> _Exercise brief_
Repeat each entry word for word. Leave any images out of the copy.
---------------
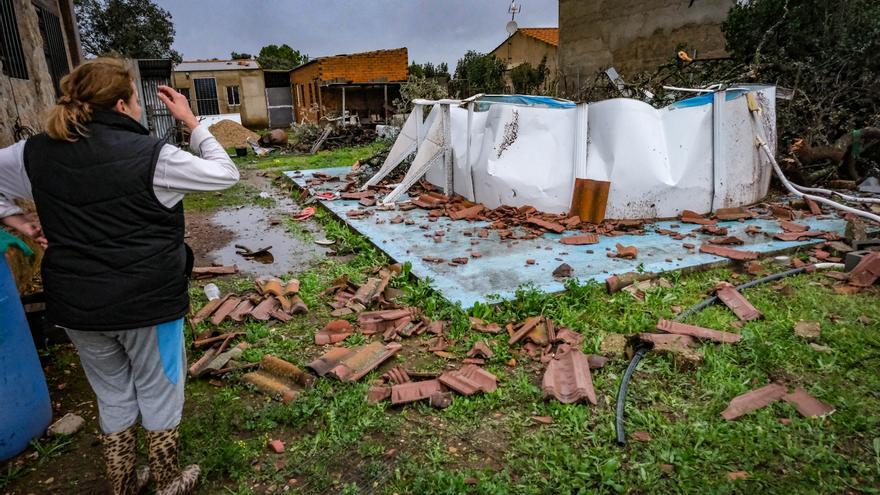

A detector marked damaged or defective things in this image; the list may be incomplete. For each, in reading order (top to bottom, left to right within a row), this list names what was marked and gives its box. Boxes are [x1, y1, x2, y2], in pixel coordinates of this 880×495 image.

damaged building [292, 48, 410, 126]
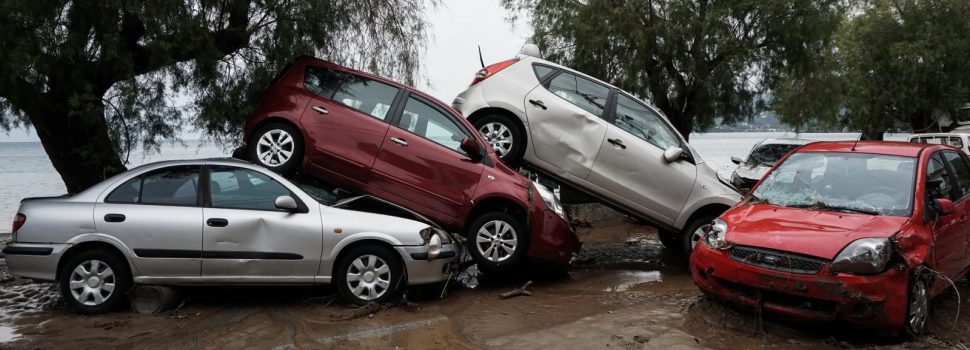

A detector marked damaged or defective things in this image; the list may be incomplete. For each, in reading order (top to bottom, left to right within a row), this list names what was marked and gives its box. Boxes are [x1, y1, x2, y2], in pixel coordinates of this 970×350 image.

damaged red car [238, 56, 580, 272]
broken headlight [532, 183, 564, 219]
shattered windshield [744, 144, 796, 167]
shattered windshield [748, 152, 916, 216]
detached bumper [2, 243, 70, 282]
detached bumper [396, 243, 460, 284]
broken headlight [704, 219, 728, 249]
crumpled hood [720, 204, 908, 258]
damaged red car [692, 141, 964, 334]
broken headlight [828, 239, 888, 274]
detached bumper [688, 242, 908, 330]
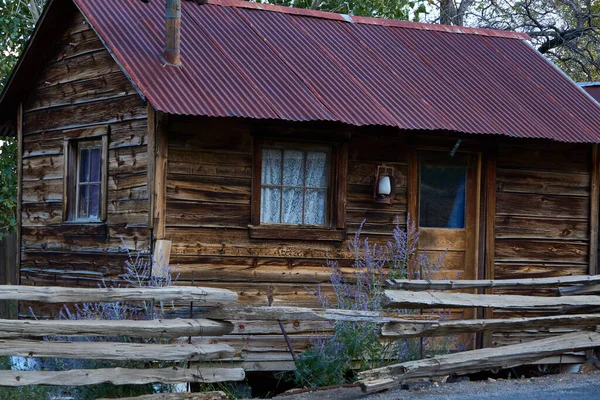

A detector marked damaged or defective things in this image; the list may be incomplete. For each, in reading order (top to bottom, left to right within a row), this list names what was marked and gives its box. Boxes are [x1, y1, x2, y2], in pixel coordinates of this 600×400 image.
---------------
> _Task solution_
A detector marked damaged or defective things in this image; the list may be incomplete. For each, in reading order (top to bottom, left to right within a row), this list names what was marked and gives its box. Boxes are [x1, y1, x2, y2], in pixel coordinates of this 880×495 image.

damaged building [292, 48, 410, 126]

A detector marked damaged or defective things in this image; the list may be incomplete. For each, in reading order (top to bottom, left to right within a row), this list names what was marked and gives its box. Boxes are [x1, y1, x2, y2], in pixel coordinates of this 970×350 image.

damaged red car [238, 56, 580, 272]
broken headlight [532, 183, 564, 219]
shattered windshield [744, 144, 796, 167]
shattered windshield [748, 152, 916, 216]
detached bumper [2, 243, 70, 282]
detached bumper [396, 243, 460, 284]
broken headlight [704, 219, 728, 249]
crumpled hood [720, 204, 908, 258]
damaged red car [692, 141, 964, 334]
broken headlight [828, 239, 888, 274]
detached bumper [688, 242, 908, 330]

A detector marked damaged or defective things in this image; the list may be incomplete. For each, in reading order (top to bottom, left to right within a row), this list names what was marked and gives its box. Boxes are [x1, y1, x2, y2], in pixel coordinates of this 600×400 image.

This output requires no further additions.